§ What you are asked to do
Every line from the one with "And it says" to the one with "So what they've", including those two, is to be copied exactly; all other lines of the entries below are left out.

§ Records for this task

--------

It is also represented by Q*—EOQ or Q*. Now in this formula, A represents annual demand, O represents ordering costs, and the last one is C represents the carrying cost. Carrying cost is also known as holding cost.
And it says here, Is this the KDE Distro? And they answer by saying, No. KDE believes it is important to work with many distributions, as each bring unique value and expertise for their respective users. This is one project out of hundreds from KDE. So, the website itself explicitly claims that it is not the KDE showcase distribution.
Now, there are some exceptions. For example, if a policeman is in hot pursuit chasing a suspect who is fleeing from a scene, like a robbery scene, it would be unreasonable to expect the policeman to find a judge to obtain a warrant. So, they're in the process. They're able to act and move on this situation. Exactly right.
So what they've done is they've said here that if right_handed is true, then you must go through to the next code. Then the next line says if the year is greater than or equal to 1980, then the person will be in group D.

--------

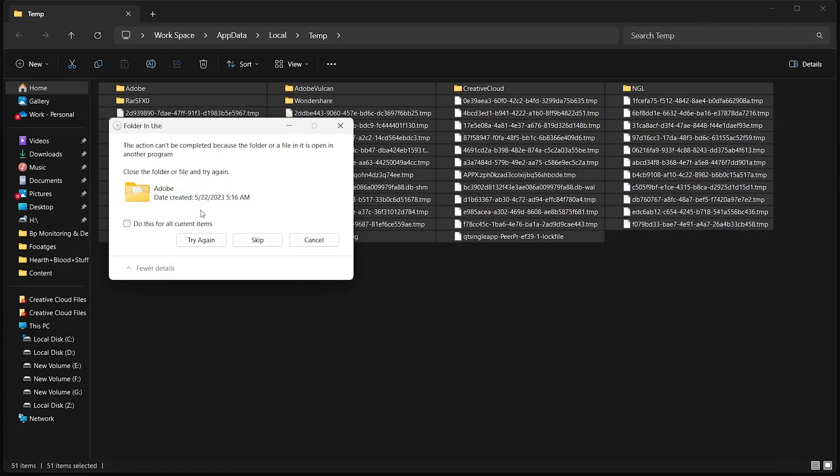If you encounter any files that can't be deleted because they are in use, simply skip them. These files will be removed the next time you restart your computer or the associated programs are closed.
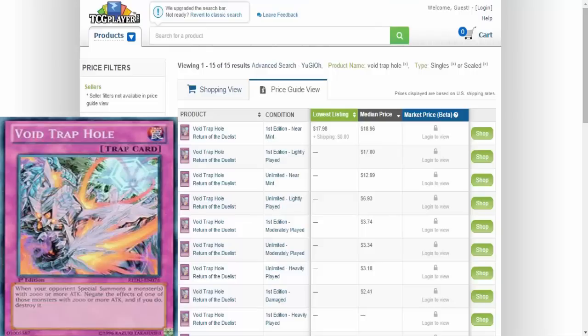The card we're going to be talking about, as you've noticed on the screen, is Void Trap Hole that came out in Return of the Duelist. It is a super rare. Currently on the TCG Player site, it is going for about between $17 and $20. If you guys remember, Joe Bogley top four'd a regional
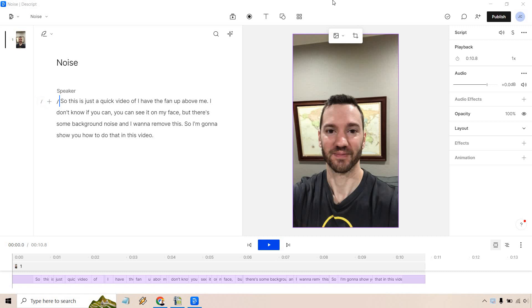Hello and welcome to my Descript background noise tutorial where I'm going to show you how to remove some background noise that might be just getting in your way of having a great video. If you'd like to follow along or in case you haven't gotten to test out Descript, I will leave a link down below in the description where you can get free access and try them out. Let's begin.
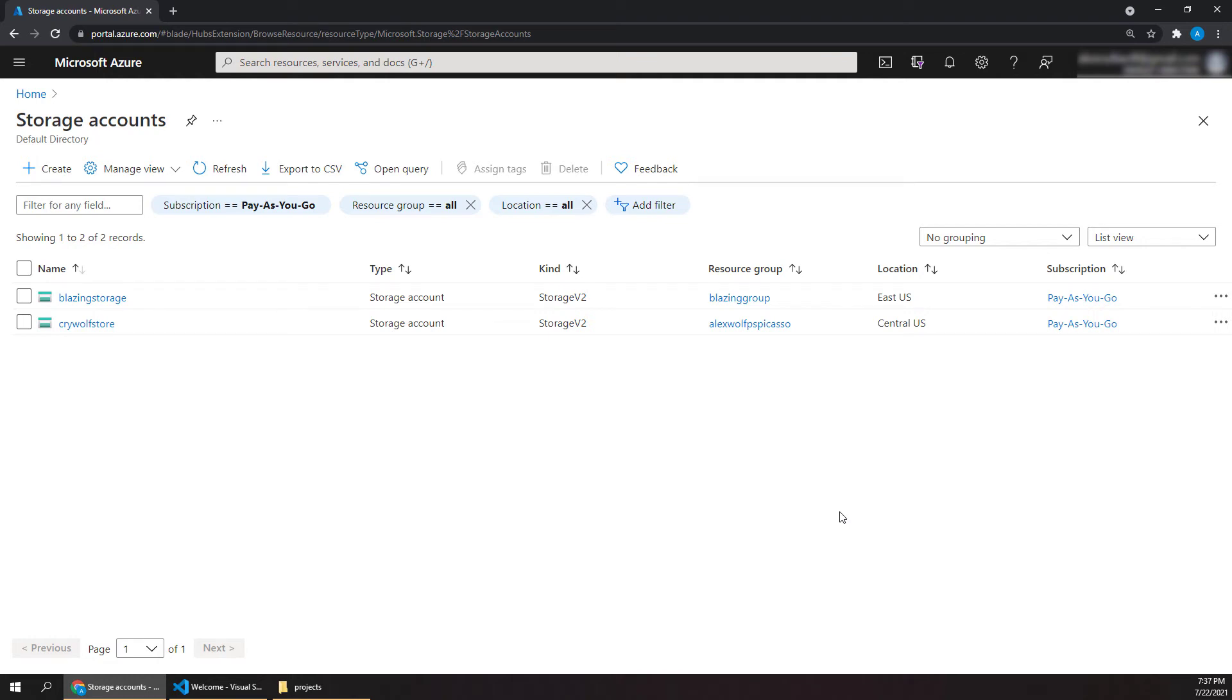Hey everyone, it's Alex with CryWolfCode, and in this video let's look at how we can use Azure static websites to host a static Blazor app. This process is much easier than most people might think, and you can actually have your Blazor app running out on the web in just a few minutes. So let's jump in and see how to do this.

--------

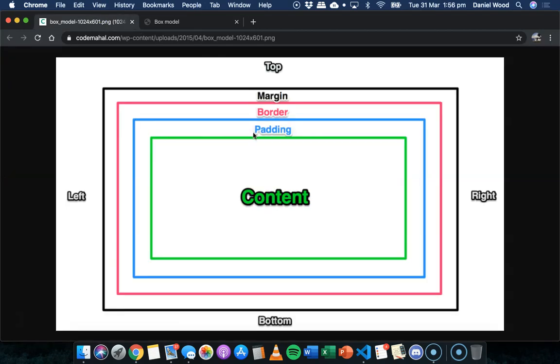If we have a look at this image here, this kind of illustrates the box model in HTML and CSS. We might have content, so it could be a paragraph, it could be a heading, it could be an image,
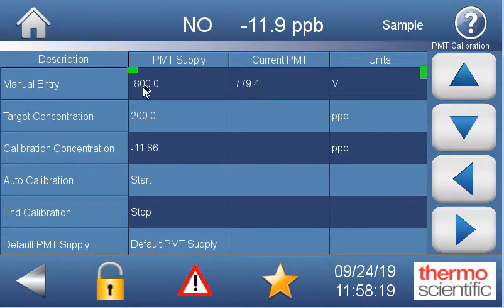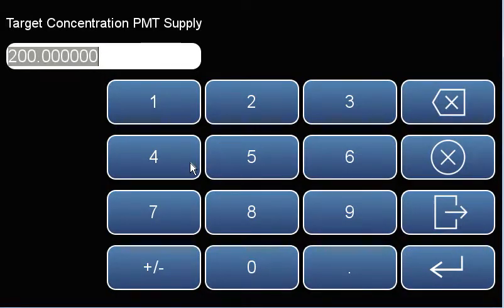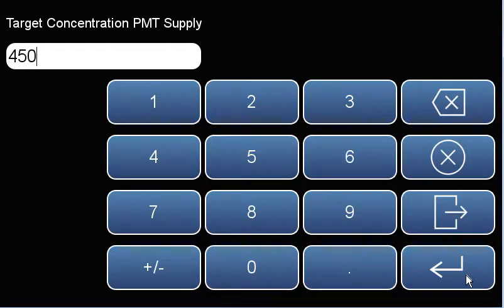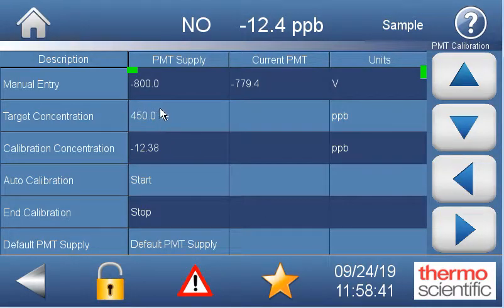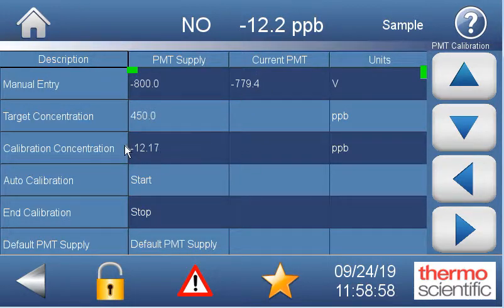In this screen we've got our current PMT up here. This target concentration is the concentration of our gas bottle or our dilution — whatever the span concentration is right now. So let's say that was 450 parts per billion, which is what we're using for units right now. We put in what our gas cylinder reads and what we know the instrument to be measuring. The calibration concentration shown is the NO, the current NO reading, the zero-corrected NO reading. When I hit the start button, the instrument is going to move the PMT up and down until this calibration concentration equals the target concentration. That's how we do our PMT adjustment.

--------

§ Written answer
And it says here, Is this the KDE Distro? And they answer by saying, No. KDE believes it is important to work with many distributions, as each bring unique value and expertise for their respective users. This is one project out of hundreds from KDE. So, the website itself explicitly claims that it is not the KDE showcase distribution.
Now, there are some exceptions. For example, if a policeman is in hot pursuit chasing a suspect who is fleeing from a scene, like a robbery scene, it would be unreasonable to expect the policeman to find a judge to obtain a warrant. So, they're in the process. They're able to act and move on this situation. Exactly right.
So what they've done is they've said here that if right_handed is true, then you must go through to the next code. Then the next line says if the year is greater than or equal to 1980, then the person will be in group D.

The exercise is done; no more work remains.